* Activity *
Skip the images and repeat every entry word for word.

═════ Data for the task

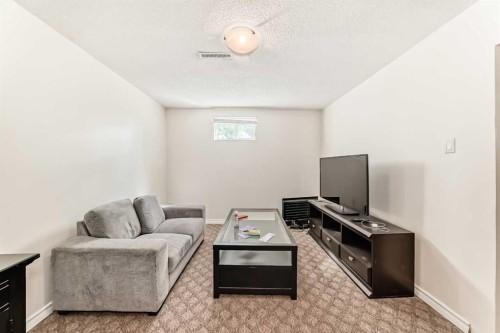 4004 7 Avenue Sw, Calgary, AB - Indoor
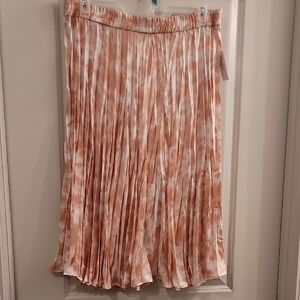 Chic Pleated Midi Skirt in Pink and White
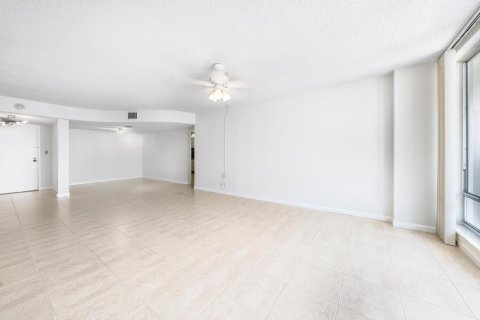 Condo in Fort Lauderdale, Florida, 2 bedrooms  № 1227782 - photo 21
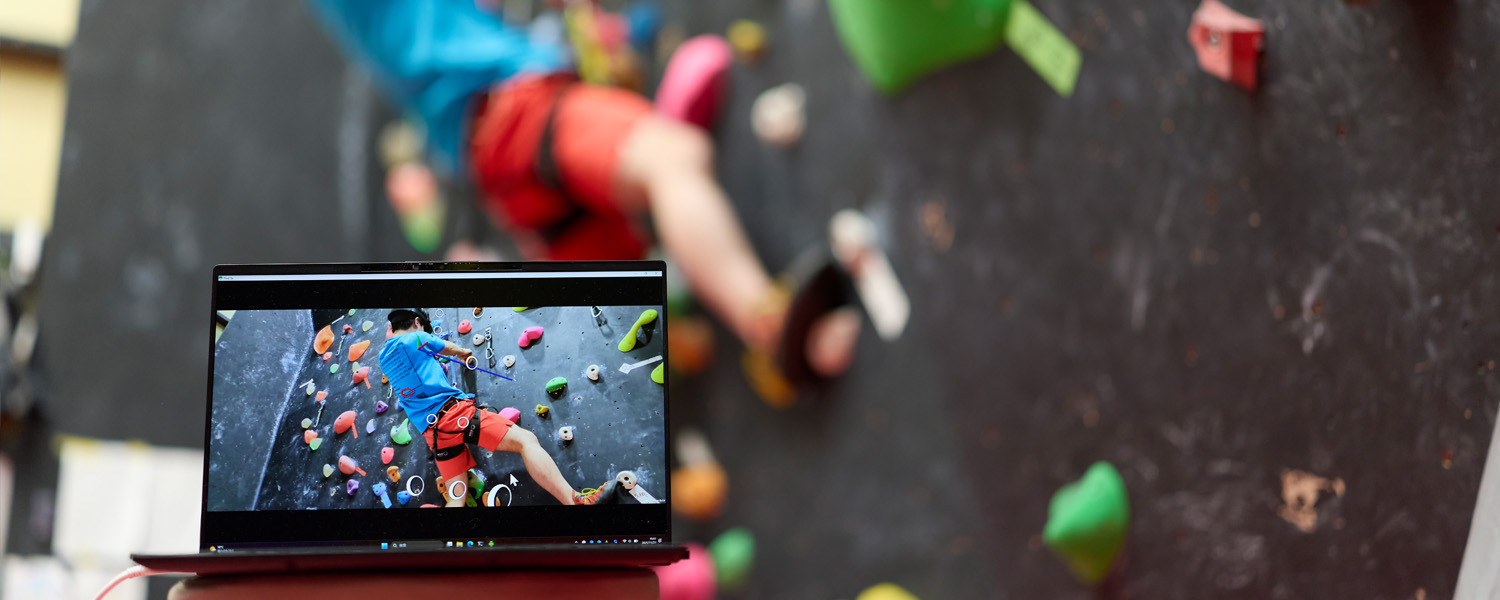 情報学部　学科紹介メイン画像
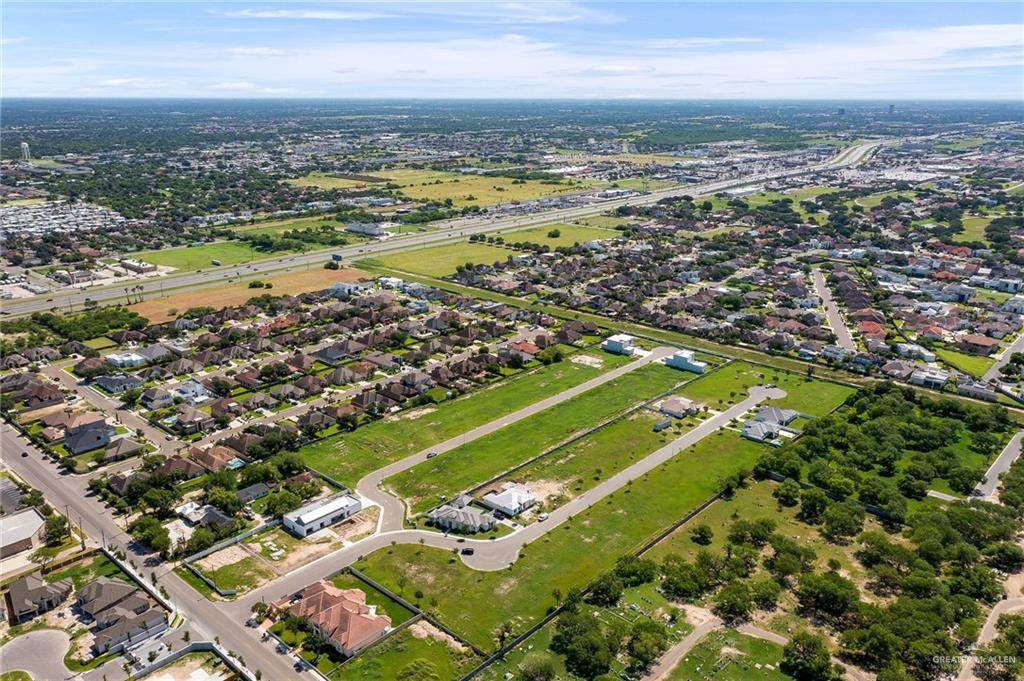 1707 Villa Centenario - Photo 1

══════════

* Reply to the exercise *
 4004 7 Avenue Sw, Calgary, AB - Indoor
 Chic Pleated Midi Skirt in Pink and White
 Condo in Fort Lauderdale, Florida, 2 bedrooms  № 1227782 - photo 21
 情報学部　学科紹介メイン画像
 1707 Villa Centenario - Photo 1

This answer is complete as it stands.